• _Work item_: Restate word for word only the lines running from the one with "Foto: Policial abordou" to the end of the data, both ends included. Omit any pictures.

• _Information provided_:
★ ★ ★ ★
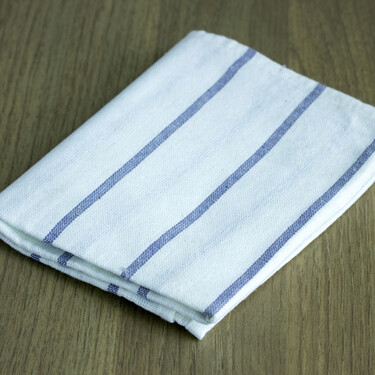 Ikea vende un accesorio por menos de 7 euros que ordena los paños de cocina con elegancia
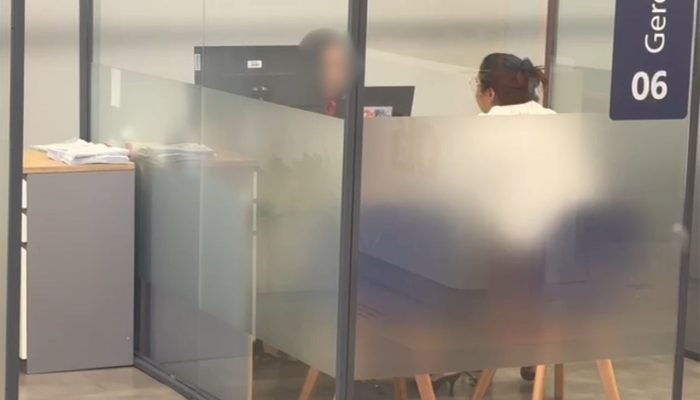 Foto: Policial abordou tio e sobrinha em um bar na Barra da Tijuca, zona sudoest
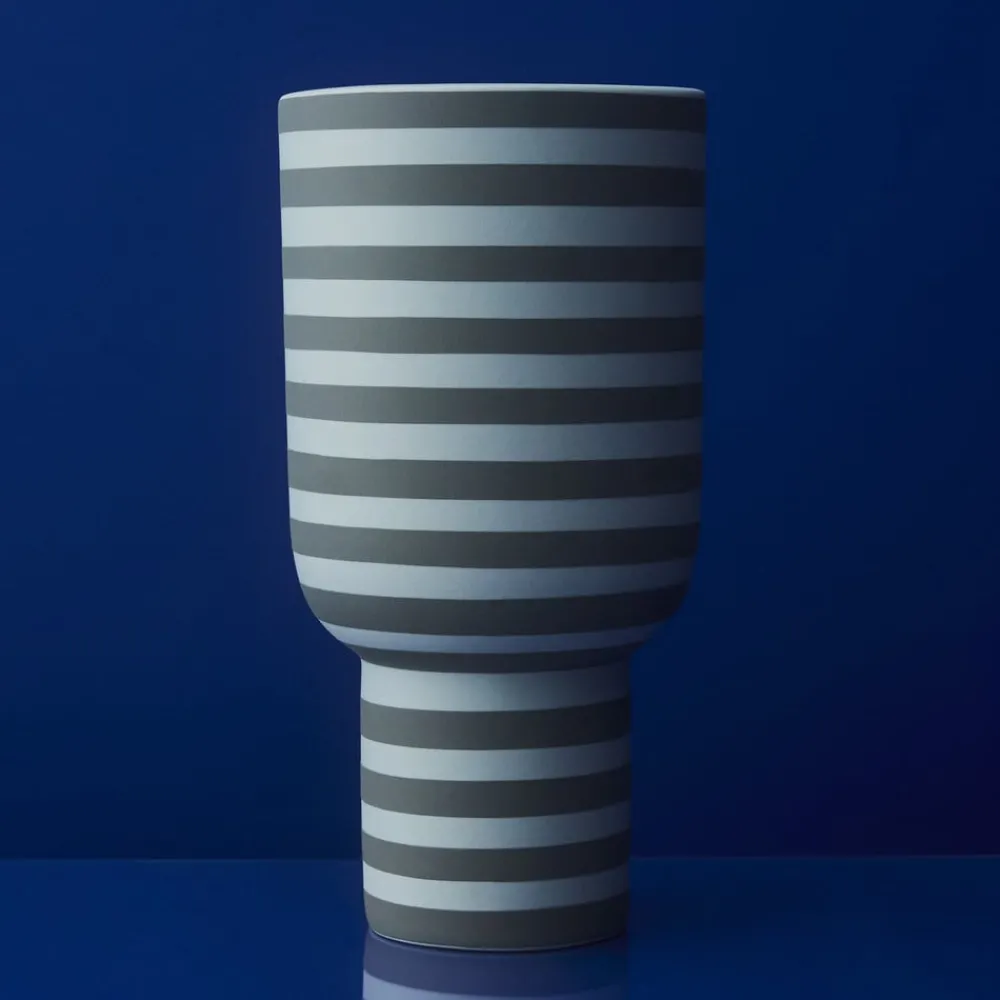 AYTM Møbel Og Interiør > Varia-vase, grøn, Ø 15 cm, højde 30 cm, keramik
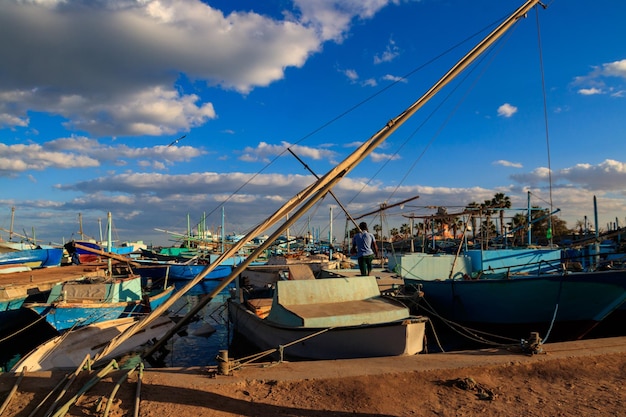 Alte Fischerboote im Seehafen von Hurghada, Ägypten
★ ★ ★ ★
• _Response area_:
 Foto: Policial abordou tio e sobrinha em um bar na Barra da Tijuca, zona sudoest
 AYTM Møbel Og Interiør > Varia-vase, grøn, Ø 15 cm, højde 30 cm, keramik
 Alte Fischerboote im Seehafen von Hurghada, Ägypten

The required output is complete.